Data excerpt
*** Block opens ***

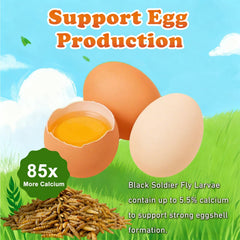 Uso recomendado para gallinas para reforzar la cáscara de huevo.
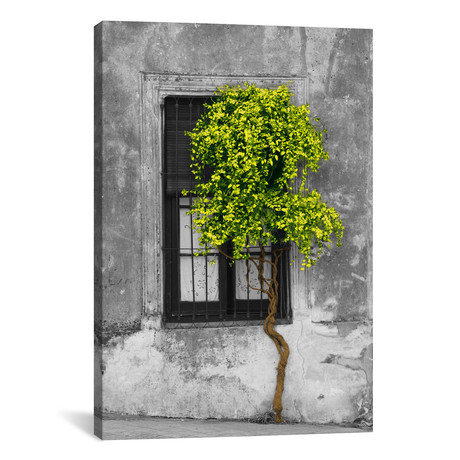 Tree in Front of Window Green Pop Color Pop // Panoramic Images (18"W x 26"H x 0.75"D)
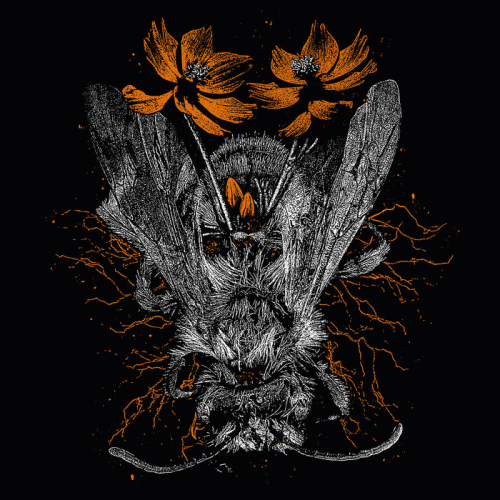 The Lumbar Endeavor : The Worker Bee​’​s Burden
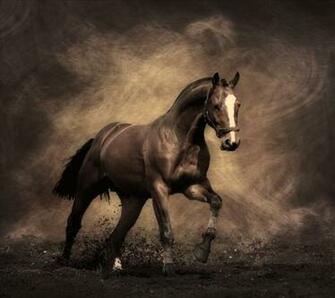Horse Live Wallpaper Screenshot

*** Block closes ***

What is needed
The data above, line by line: transcribe it exactly and drop the pictures.

Worked solution
 Uso recomendado para gallinas para reforzar la cáscara de huevo.
 Tree in Front of Window Green Pop Color Pop // Panoramic Images (18"W x 26"H x 0.75"D)
 The Lumbar Endeavor : The Worker Bee​’​s Burden
Horse Live Wallpaper Screenshot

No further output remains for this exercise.